1月

 

令和の時代も
あああ地平線を見据えて


新しい年が始まりました。

 昨年を振り返りますと、日本各地で災害が発生。豪雨、台風、地震。そして、危険な暑さも災害となりました。川崎町では県内の市町村で、いち早く小中学校にエアコンを設置するとともに避難所となる各地区の集会所にも完備したところです。
そのような中、10月に襲来した台風19号の被害は、わが町にとっても大きなものとなりました。復旧に3億7,000万円を要し、町の持ち出し分は、約1億円となります。
昔の人は言いました。
「いつまでもあると思うな親と金、ないと思うな運と災難」

 地方創生が叫ばれて5年。この間、大きな予算が投入され続けています。地方創生は、人口減少の抑制と東京一極集中の是正が目的。政府は来年にも東京圏への人の転出入の均衡を図る予定でしたが、現在もなお首都圏への転入が超過し続けているのです。
この国は、人口減少と東京一極集中と自然災害の問題が深刻化しています。一方で、日本ほど水に恵まれた国もありません。国土の7割を占める山間部には、豊かな森が広がり、そこに降った雨は、浄化され、河川を形成し、田畑を潤す。これほど安心して水を飲み、水を使える国は世界でも少ない水穂、瑞穂の国なのです。
改めて、水害対策とともに、尊い人命を守るためには、普段から、地域社会での信頼、安心、連携の関係づくりを構築しておくことを忘れてはならないのでしょう。

 これまで、多くの先輩たちが、町づくりの先頭に立ちました。繁栄のときがあれば、暗雲が立ち込めるときも・・・。
しかし、どのようなときも、この町が持ちこたえられたのは、指導者の見識や力量だけでなく、人々の努力と忍耐があったからなのです。

 先輩たちは、苦難をしのいでは立ち上がり、気力を振り絞っては、地平線を見据えました。
彼らの価値観は、正直、勤勉、勇気。
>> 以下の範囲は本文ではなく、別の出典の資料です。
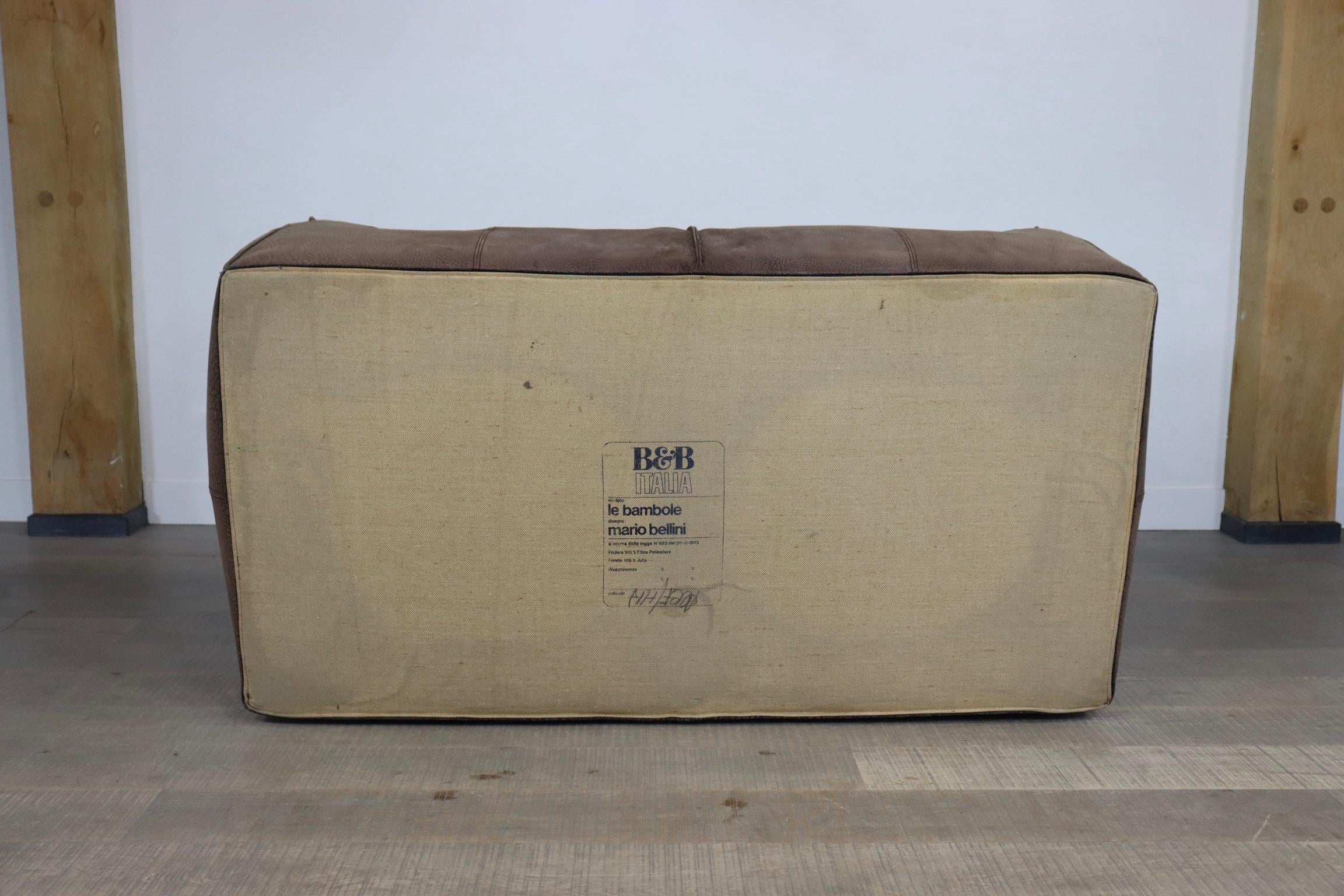 Le Bambole buffalo leather 2-seater sofas by Mario Bellini for B&B Italia. 1970s 10
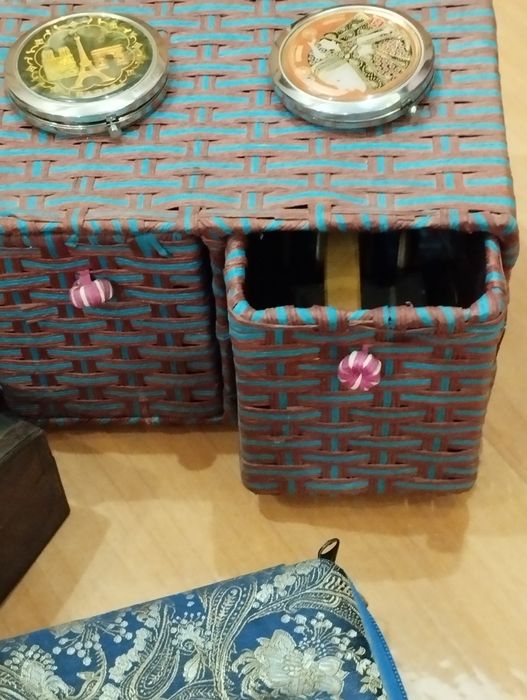 Шкатулки разные,зеркала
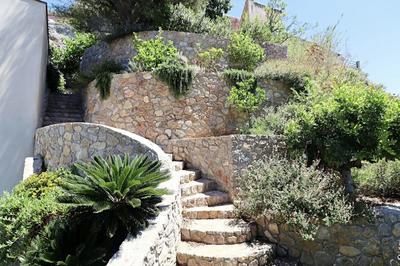 Villa - 300 m² - 9 pièces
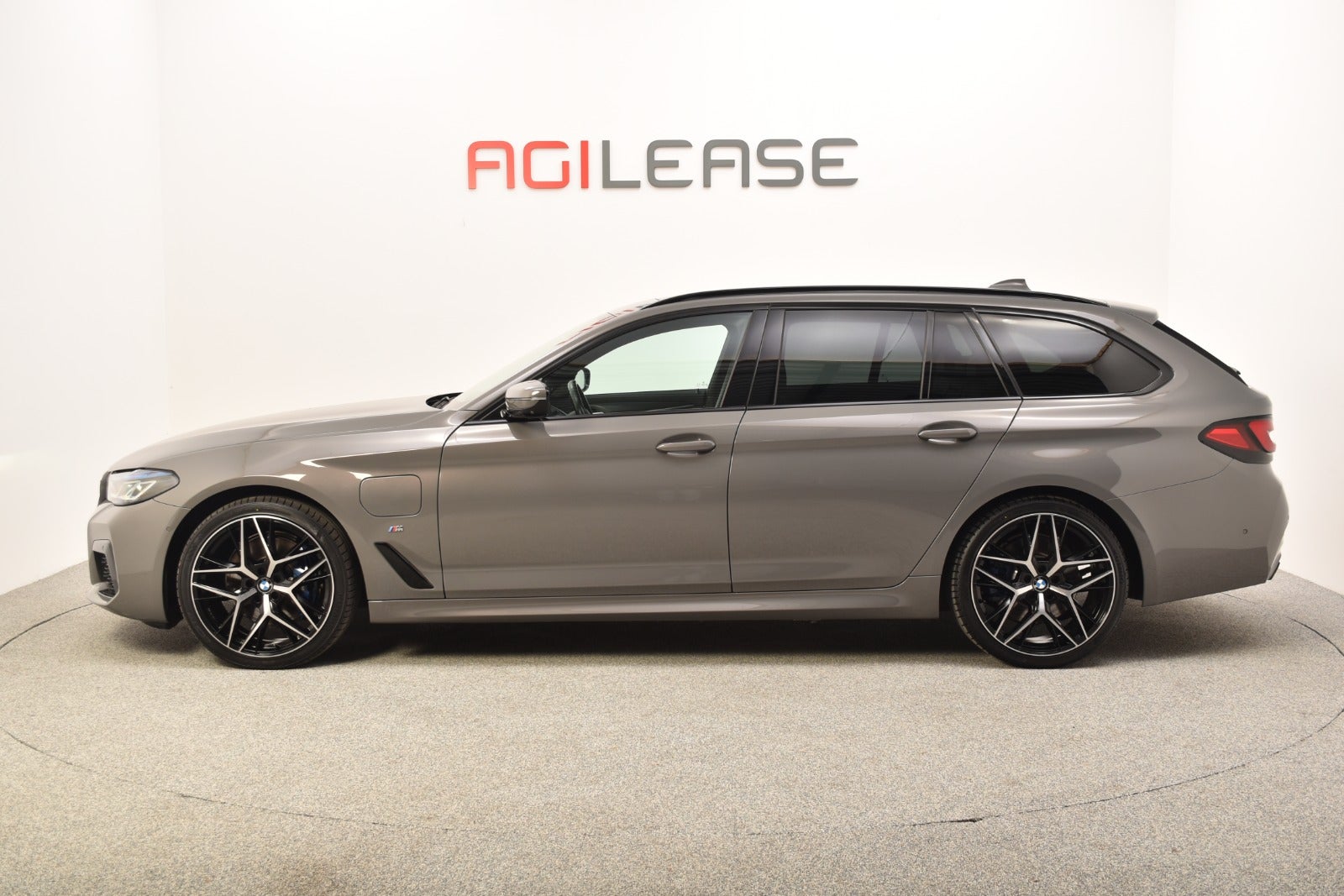 flexleasing-bmw-530e-20-touring-m-sport-xdrive-aut-5d-findleasing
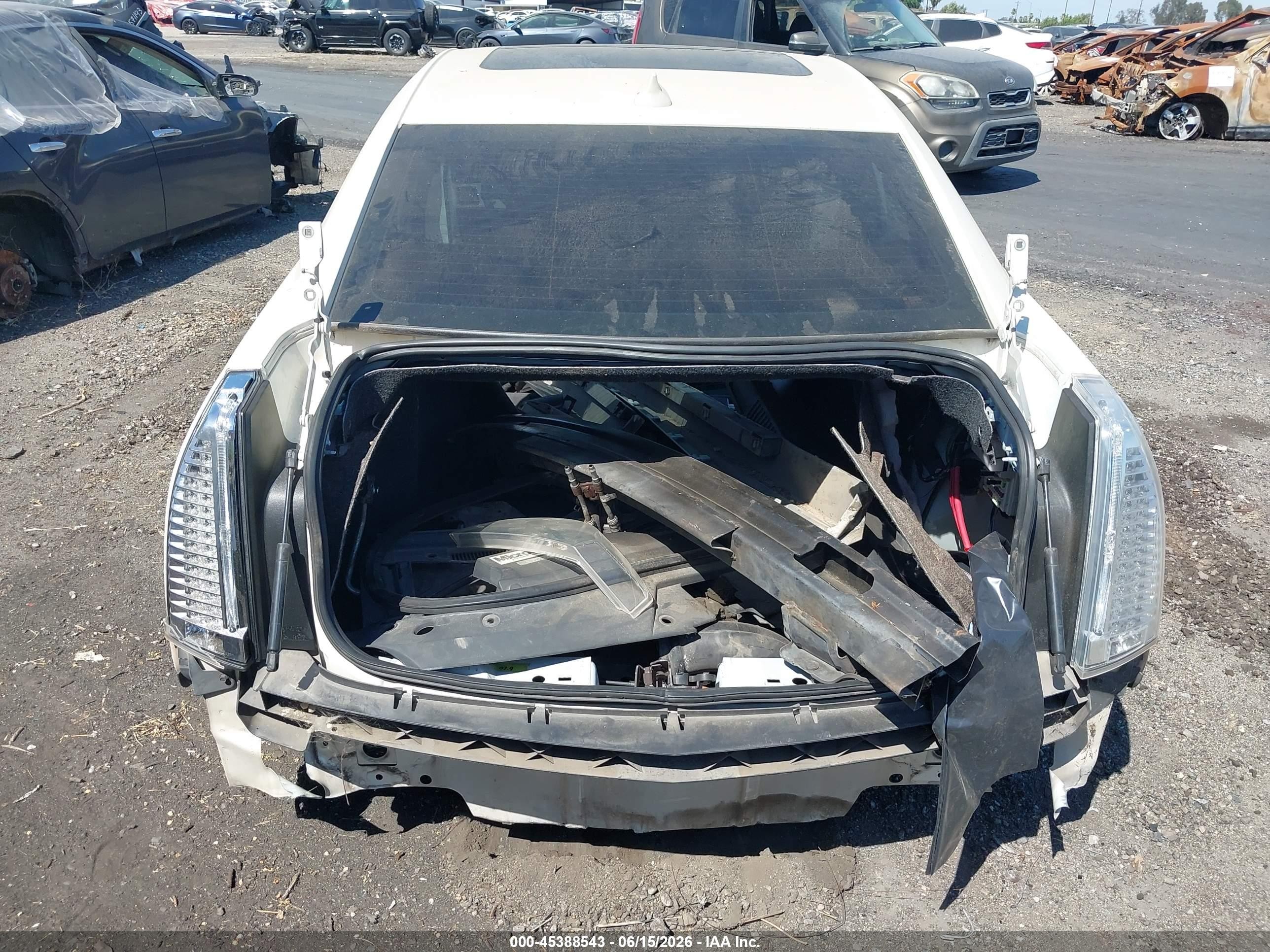 2009 Cadillac Cts-v   White vin: 1G6DN57P090158809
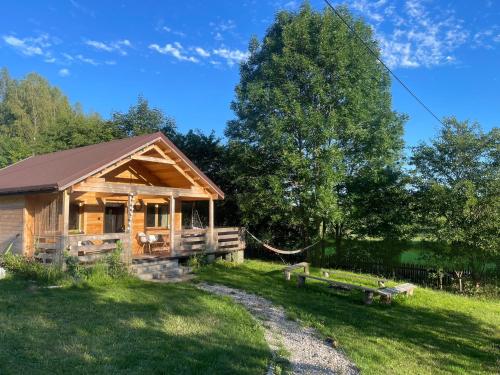 2 bedrooms, 4 beds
そして、寛容の中にありました。それは、これからも変わるものではないでしょう。
いつの時代も試練があります。
だからこそ、私たちは、皆様から与えられた信頼に感謝し、目の前にある仕事に謙虚に向き合っていかねばなりません。
季節はめぐり、やるべきことは山積しています。先輩たちが、凍てつく流れに挑んだように、私たちも地平線を見据えて歩いていきましょう。
次の世代にしっかりとバトンを渡すために。
ああそれが私たちの務めなのですから・・・。